■ **Task directions**
Write out exactly every line from the one containing "Vintage Metal Sign" through the final line of the material below, both included. Pictures are to be skipped.

■ **Collected material**
────────

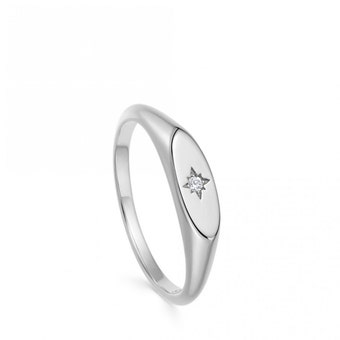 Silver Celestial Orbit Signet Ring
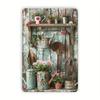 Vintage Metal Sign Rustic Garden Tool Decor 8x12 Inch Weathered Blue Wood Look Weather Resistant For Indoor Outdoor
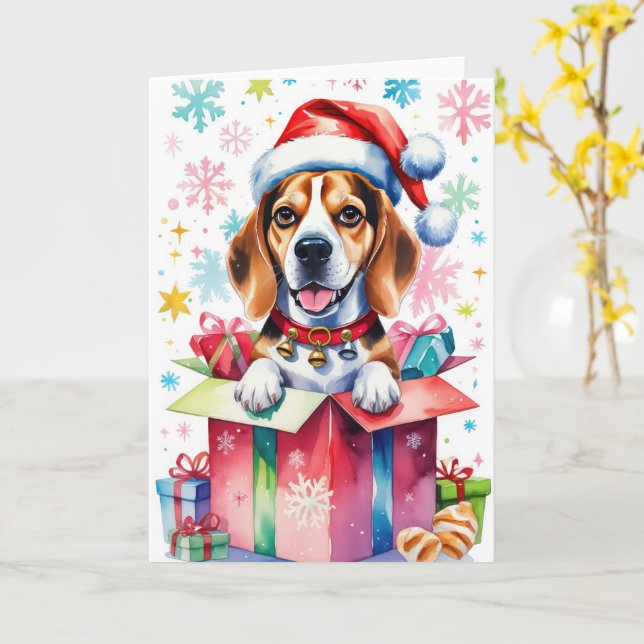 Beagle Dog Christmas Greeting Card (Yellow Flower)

────────

■ **Answer section**
 Vintage Metal Sign Rustic Garden Tool Decor 8x12 Inch Weathered Blue Wood Look Weather Resistant For Indoor Outdoor
 Beagle Dog Christmas Greeting Card (Yellow Flower)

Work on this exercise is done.